Такого снегопада Оливии не доводилось видеть ни разу в жизни.
Поежившись, она огляделась в поисках более удобного стула, но в студии Волошина его не оказалось. Зато в самом углу мастерской обнаружилось кресло-мешок невзрачного цвета с аккуратно сложенным поверх него шотландским пледом. Устроившись в нем, как в птичьем гнезде, Оливия принялась за новую страницу. «Родителям о моем новом занятии я ничего не сказала. Но Монтравель упомянул однажды мое имя в интервью, и я в одночасье стала знаменитой. Для папы это был удар: его утонченная и образованная дочь – натурщица! Да еще и согласилась позировать тайком, не спросив его дозволения…
Но Монтравель, человек тонкий и воспитанный, поспешил пригласить родителей в свою студию. Отец ахнул: все ее стены были увешаны моими портретами. Вопреки его ожиданиям, Монтравель не рисовал меня обнаженной – к этому мы пришли гораздо позже.
В центре его мастерской стоял самодельный пюпитр, а на нем – раскрытый учебник по анатомии. Монтравель очень хотел, чтобы я продолжала учиться: пока он делал свои наброски, я могла заниматься. Это так тронуло папу, что он больше никогда не возражал против наших встреч. Трудно в это поверить, Яков, но они стали добрыми друзьями – вспыльчивый, язвительный отец и рассудительный, спокойный Монтравель…

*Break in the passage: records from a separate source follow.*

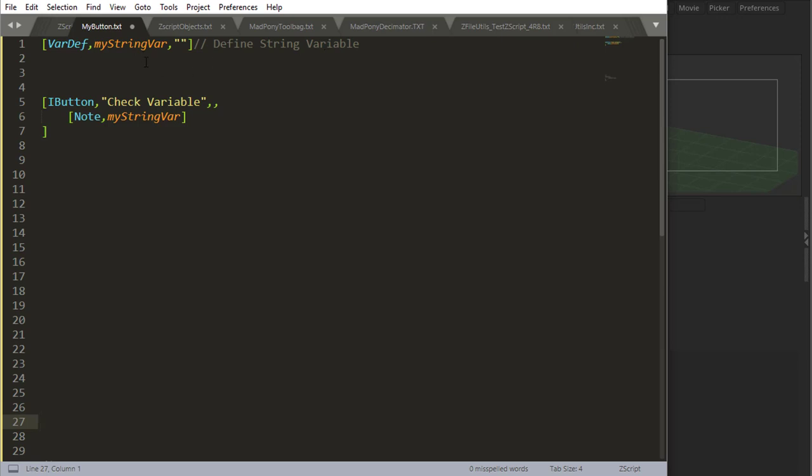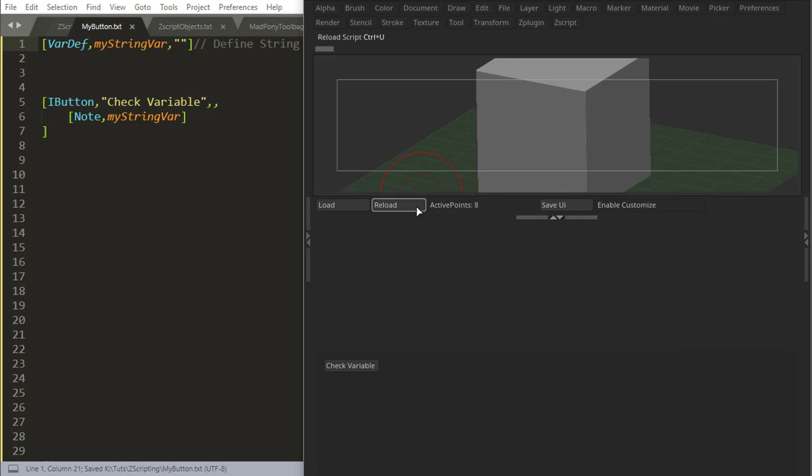So what I got here is I'm defining my string variable with nothing, and I'm doing a note in this button outputting my string variable. If I check my variable, there's a note with nothing in it.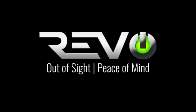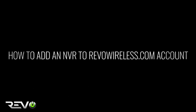Hello and thanks for tuning in to the Revo Wireless video series. How to add an NVR to your Revo Wireless account.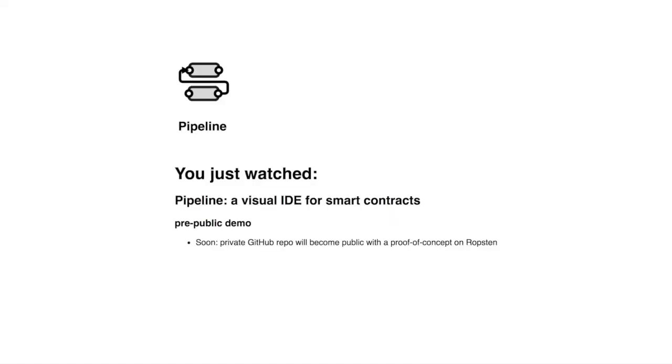So this is Pipeline, a visual IDE for building smart contracts. Thank you for watching and we also invite you to see our other demos.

В самые тяжелые месяцы мастер помогал нам деньгами. Думаю, без него мы бы просто не выжили.
Русским в Париже приходится сейчас очень туго. Среди бежавших из Советской Республики за последние несколько лет встречаются люди всех сословий: от белогвардейских генералов до простых обывателей. Последним проще – они устраиваются рабочими на заводы «Рено». Берут их туда охотно, ведь Франция потеряла столько мужчин в прошедшей войне… Остальные превращаются в водителей такси, служащих кухни, музыкантов и исполнителей куплетов. А благородные дамы… все они теперь модистки или гардеробщицы, а те, что помоложе – идут в прачки, официантки и натурщицы.

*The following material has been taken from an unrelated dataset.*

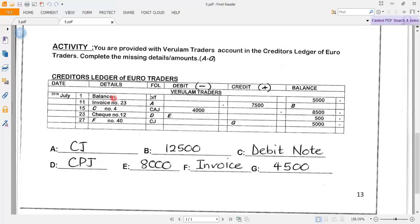On July 1st, the balance brought forward is 5,000 rand. Then an invoice number — remember, for creditors, an invoice goes in the creditors' journal. So for A, the answer is CJ. The amount is 7,500, showing that a credit purchase of 7,500 rand was made by Eurotraders from Verlum Traders. Taking 5,000 plus 7,500 gives 12,500 rand, which is the answer for B.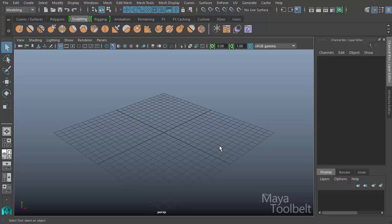Hello, welcome to the Maya Toolbelt. This is Michael. In this video we're going to continue talking about the UV Editor tools and commands.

Париж… Жизнь в нем не замирает ни на минуту! Гремят тележками старьевщики и зеленщики, на набережных царят букинисты, в крохотных лавчонках седовласые торговцы в беретах, словно раз и навсегда выпав из времени, обмахивают от вековой пыли свой несуразный товар: какие-то броши, гребешки, портсигары, флакончики для нюхательной соли и фарфоровых купидонов. Кому все это нужно, спросишь ты, в голодное послевоенное время? Думаю, самому городу. Он ведь и через столетия останется прежним. Все так же, гомоня между собой, будут обгонять тебя длинноволосые студенты, все так же будут замирать перед витринами магазинов готового платья изящные красавицы, все так же будут ворковать на карнизах серо-голубые крапленые голуби…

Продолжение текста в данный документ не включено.